• _Dataset extract_
───

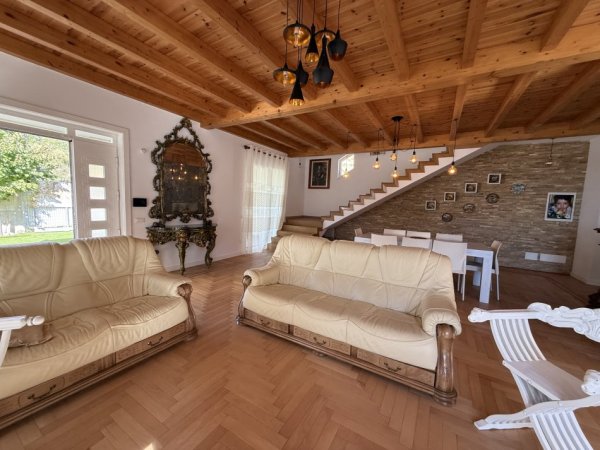 Vetem per ata qe duan qetesi ✅Shitet super Vile 3 Katshe ne Linze , 7.000 m² 600.000 € (Linze)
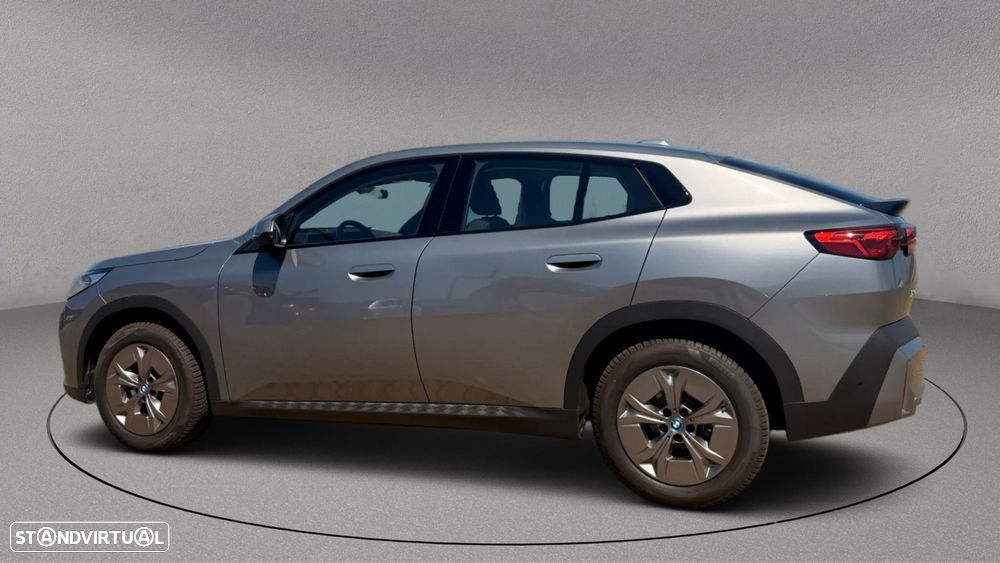 BMW iX2 eDrive20 - 8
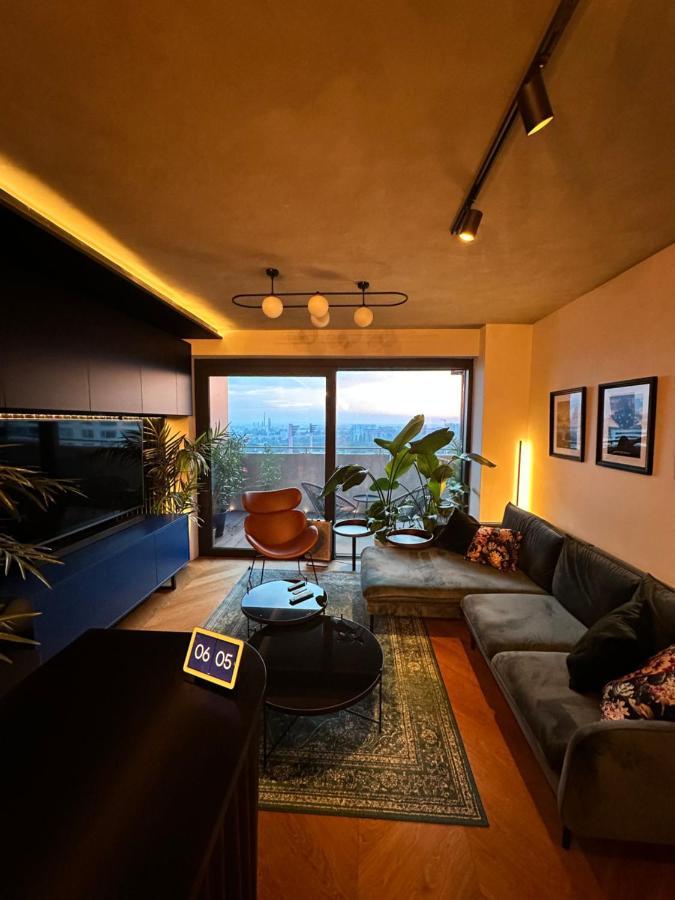 דירות ברטיסלאבה Skyline Elegance With Free Parking מראה חיצוני תמונה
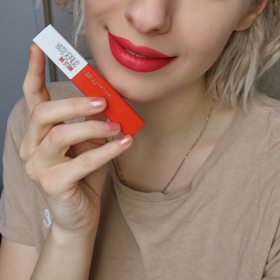 Korálově neonový odstín se nedá moc dobře vyfotit, ale opravdu stojí za vyzkoušení. Maybelline SuperStay Matte Ink, odstín Heroine, 253 Kč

───

Leave out every picture and copy verbatim the lines running from the line containing "דירות ברטיסלאבה Skyline" through the final line of the data.

 דירות ברטיסלאבה Skyline Elegance With Free Parking מראה חיצוני תמונה
 Korálově neonový odstín se nedá moc dobře vyfotit, ale opravdu stojí za vyzkoušení. Maybelline SuperStay Matte Ink, odstín Heroine, 253 Kč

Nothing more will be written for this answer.